With MIDI computers, music instruments, sound cards etc. can send and receive instructions from and to each other.
MIDI was born in the early 1980's when electronic instrument makers, primarily in the US and Japan, recognized that their instruments must be able to talk to one another.
After the details were worked out, manufacturers soon began to include electronic circuitry in their equipment that allowed them to understand the instructions MIDI used.
Before long, nearly every instrument maker in the world had adopted the standard, and though there have been refinements and modifications to MIDI along the way, even the earliest MIDI instruments are still capable enough to be used today.
Since its adoption, MIDI has dramatically changed the way music is created, performed and recorded.
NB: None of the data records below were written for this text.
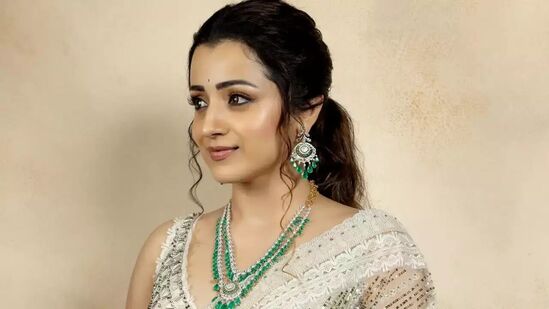 త్రిషకు చెన్నైలో రూ. 10కోట్లు విలువ చేసే నివాసం ఉంది. అంతేకాదు, హైదరాబాద్​లో రూ. 6కోట్లు విలువ చేసే ఇల్లు ఉంది.
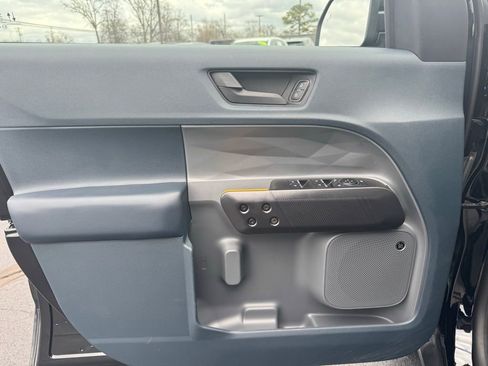 Used 2025 Ford Maverick Tremor image 2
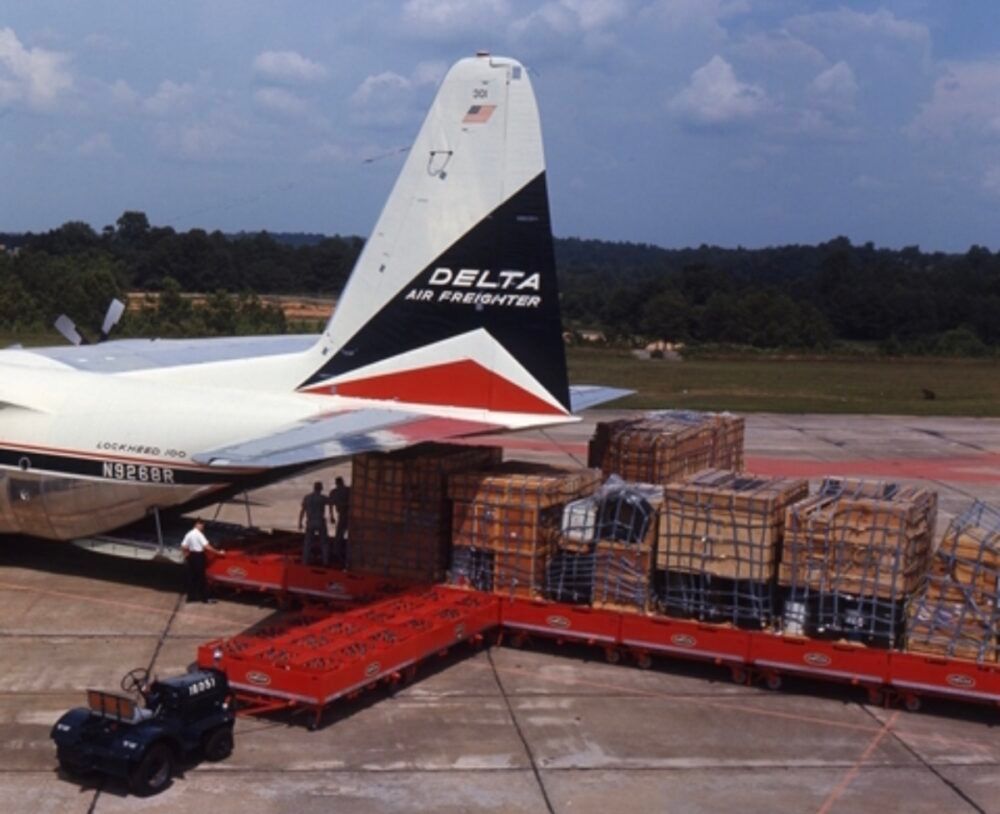 Delta Lockheed L-100 Cargo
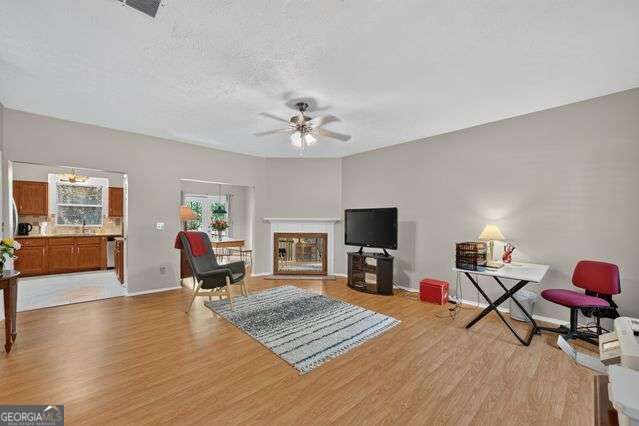3616 Centennial Square Property Photo 3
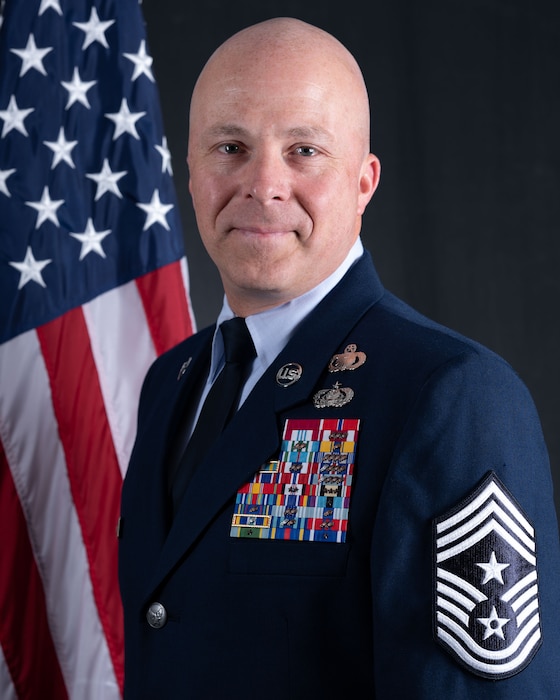 Chief Swistak - Bio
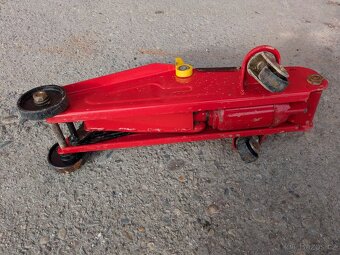 Hydraulický zvedák - 3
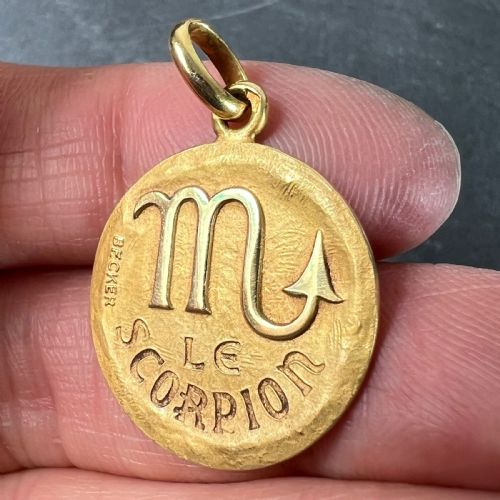 BECKER FRENCH ZODIAC SCORPIO STARSIGN 18K YELLOW GOLD CHARM PENDANT - ADDITIONAL PHOTO 5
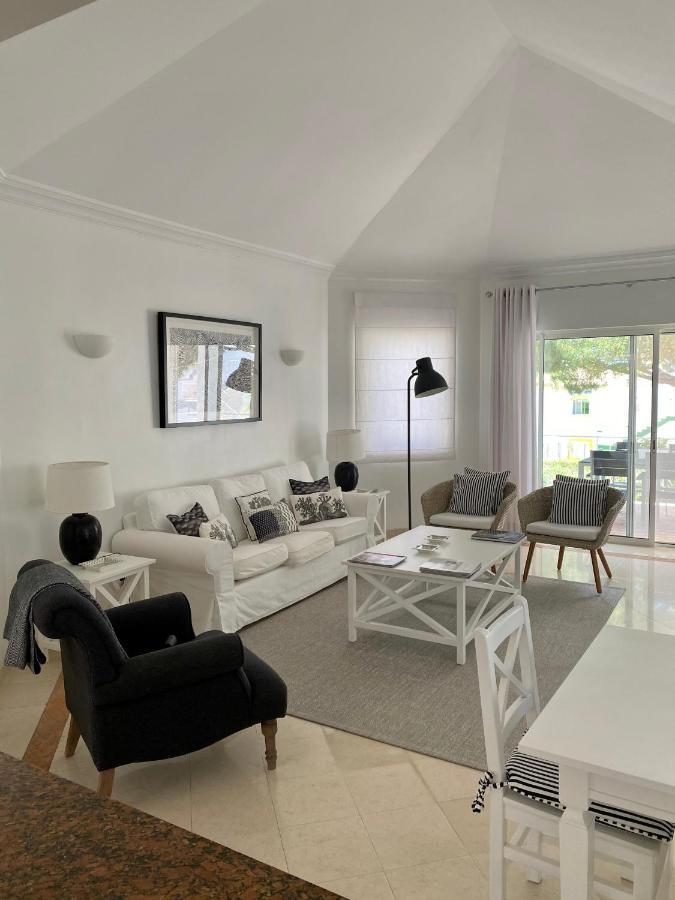 Beautiful Apartment For Rent In Quinta Do Lago With Excellent Resort Facilities Close To Lake And Beach. Exteriér fotografie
MIDI is a universally accepted standard for communicating information about a musical performance by digital means.
It has both a hardware and software component, and though it could be used for sending information about many other things, such as the control of lighting in a theater, it was originally developed to transmit instructions about music.
Like a music score MIDI transmits instructions that must be acted on by some device that can make sound.
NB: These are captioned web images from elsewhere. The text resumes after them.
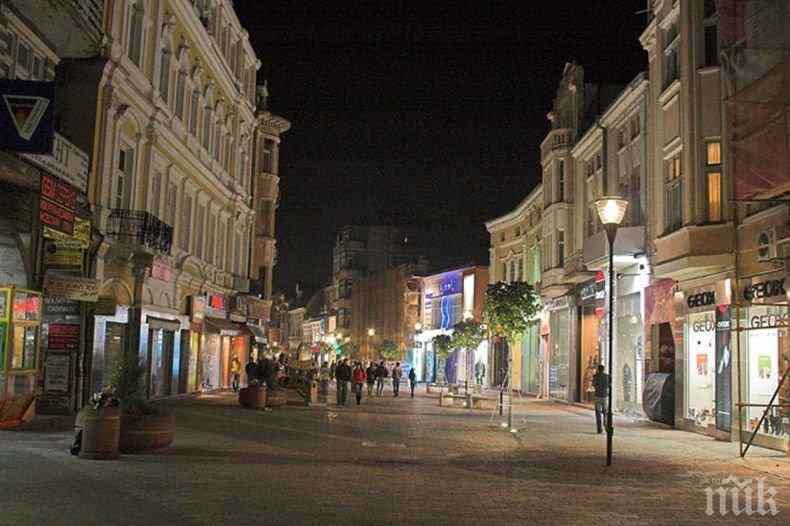 Екшън! Пиян мъж отнесе здрав пердах на Главната улица в Пловдив (ВИДЕО)
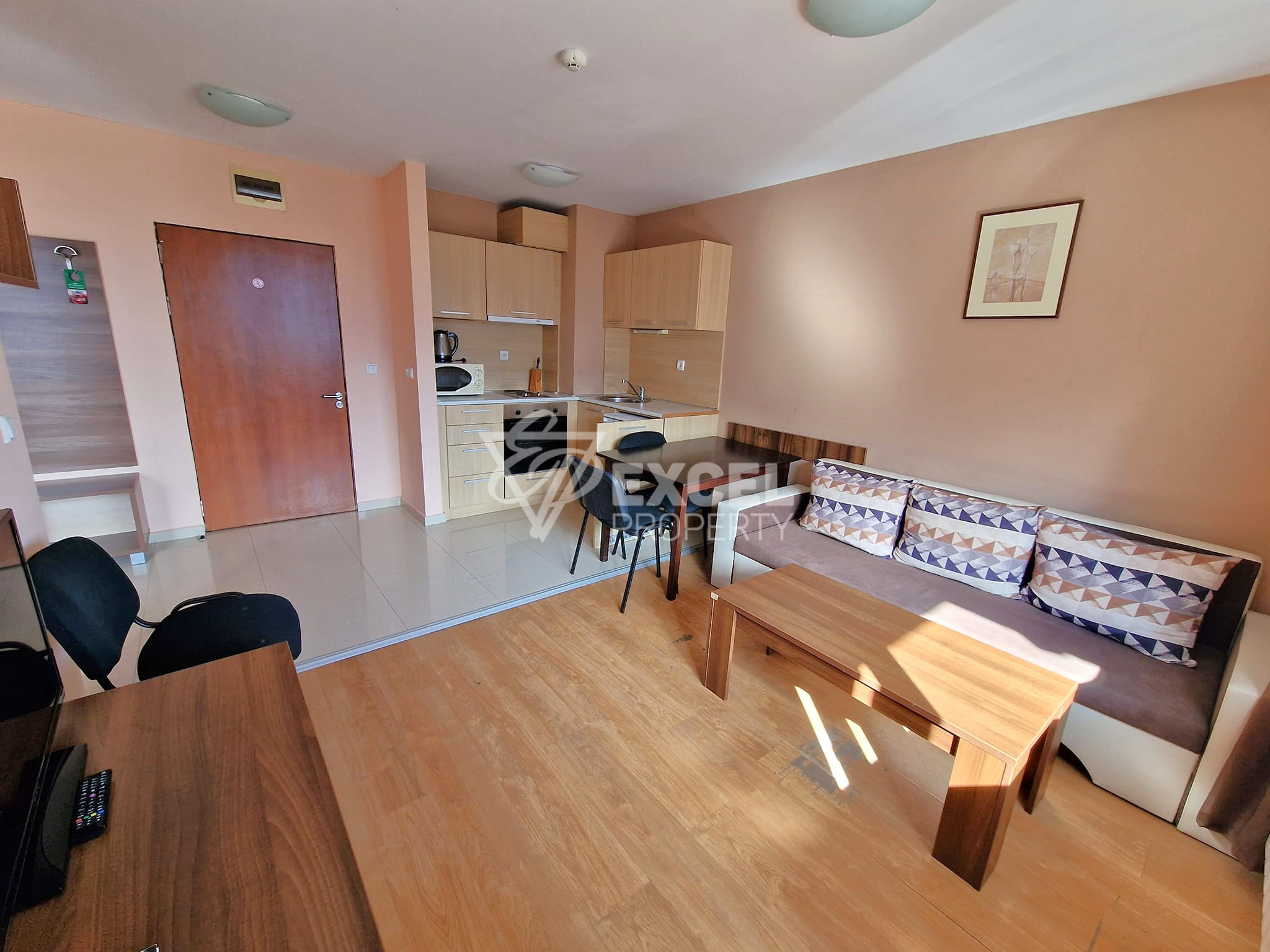 Redenka Holiday Club: one bedroom apartment with south exposure and beautiful mountain view for sale near Bansko and Razlog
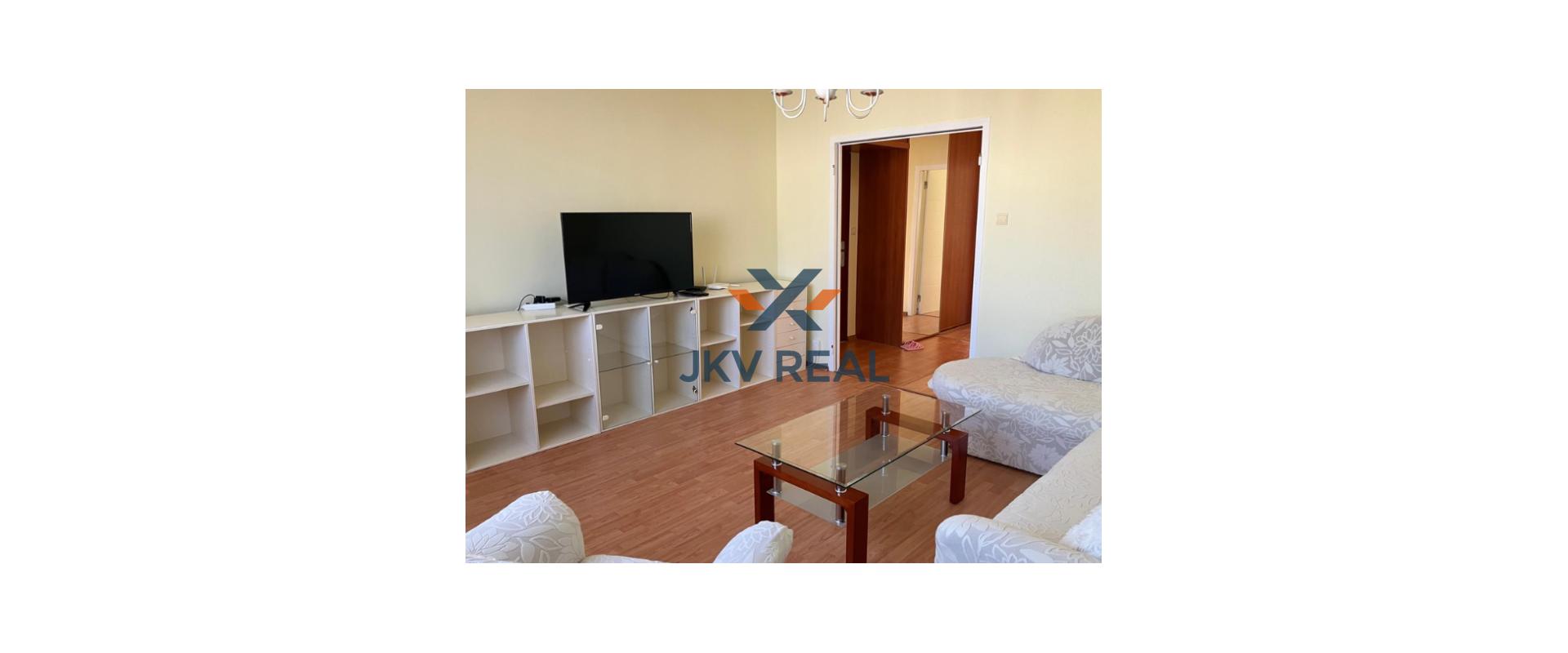 Na prenájom 4 izbový byt v Petržalke na Ambroseho ulici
While a piano or guitar player will interpret the music score and produce the sound required, in MIDI it is most likely a synthesizer or drum machine that will react to the information.
MIDI is used both for realtime control of devices; and as files, where all the instructions are saved to a computer file.
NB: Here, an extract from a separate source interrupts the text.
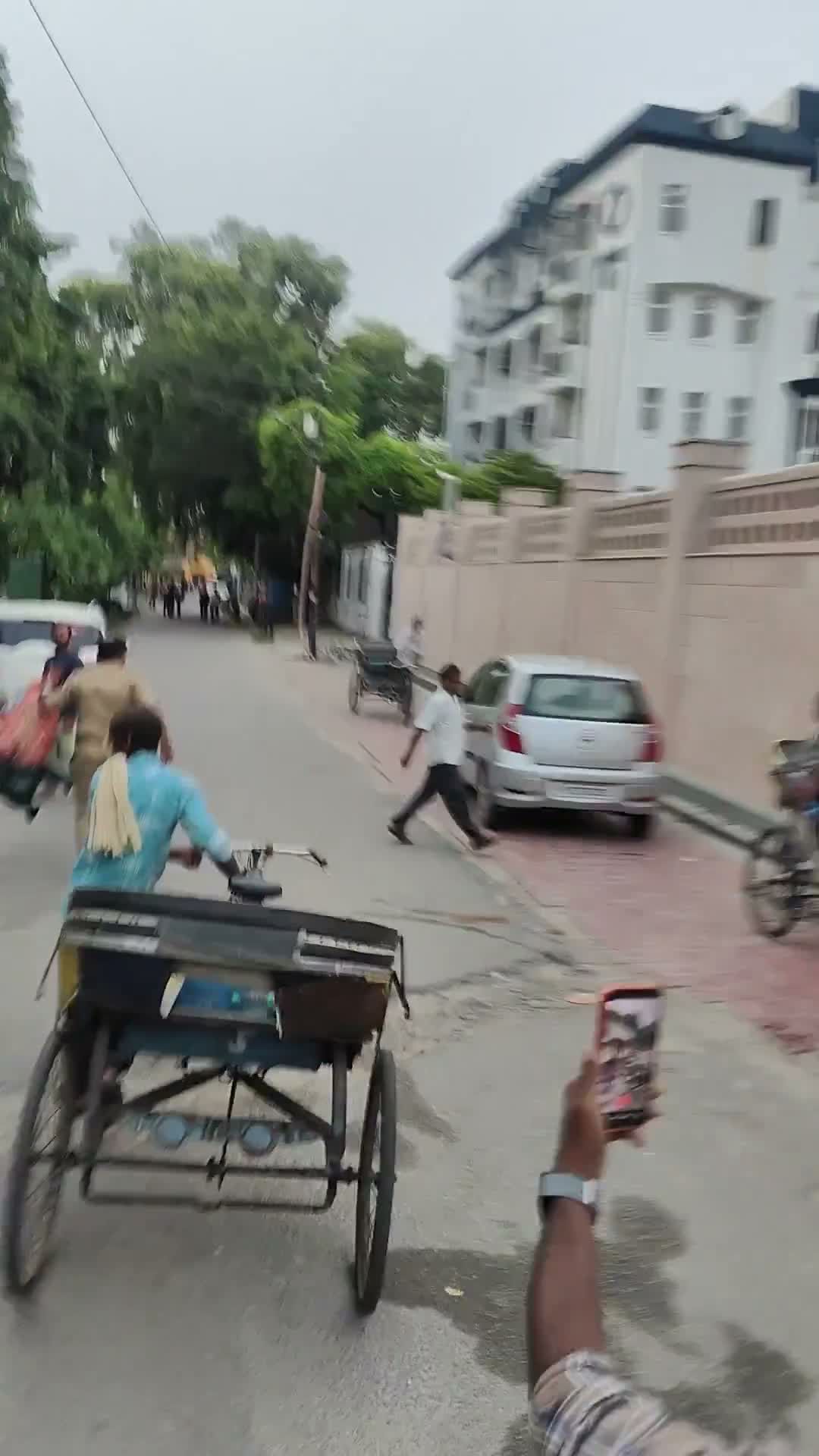 'కంగనా రనౌత్' దిష్టిబొమ్మను ఎత్తుకెళ్లిన పోలీస్!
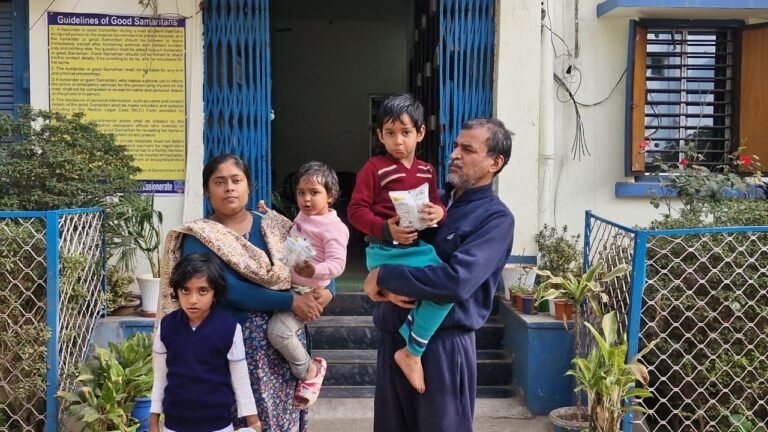 asansol police rescues lost 3 year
MIDI does not actually transmit sound electronically. Instead, its information is used in the sound-producing devices (synthesizers, drum machines, sound card etc.), that will create the sound you hear.
A MIDI transmission consists of a series of signals, called bits, that pass through a MIDI cable. These signals are electrical impulses that represent the 1's and 0's that make up the language of computers.
When the impulses reach their destination (a device) the device interprets them as a series of instructions that usually result in the production of a sound.
The bits in the MIDI transmission move at 31,250 per second, and are transmitted in a serial manner, meaning one after another.
Every bit does not represent a different note or event, however. Bits are grouped into strings of 10 to create MIDI messages.
MIDI messages are actually eight bits (= one byte).
When messages are being transmitted, two extra bits, called the stop and start bits, are added to the beginning and end of the byte, hence the 10 bit length of most events.
MIDI messages detail specific aspects of a musical performance:
• what notes should be heard
• how loud they should be
• what type of sound (trumpet, drum, flute) should play the notes, etc.
Together, MIDI messages represent an entire language of musical actions, and can be used to control all details of a complete symphony or a simple hymn.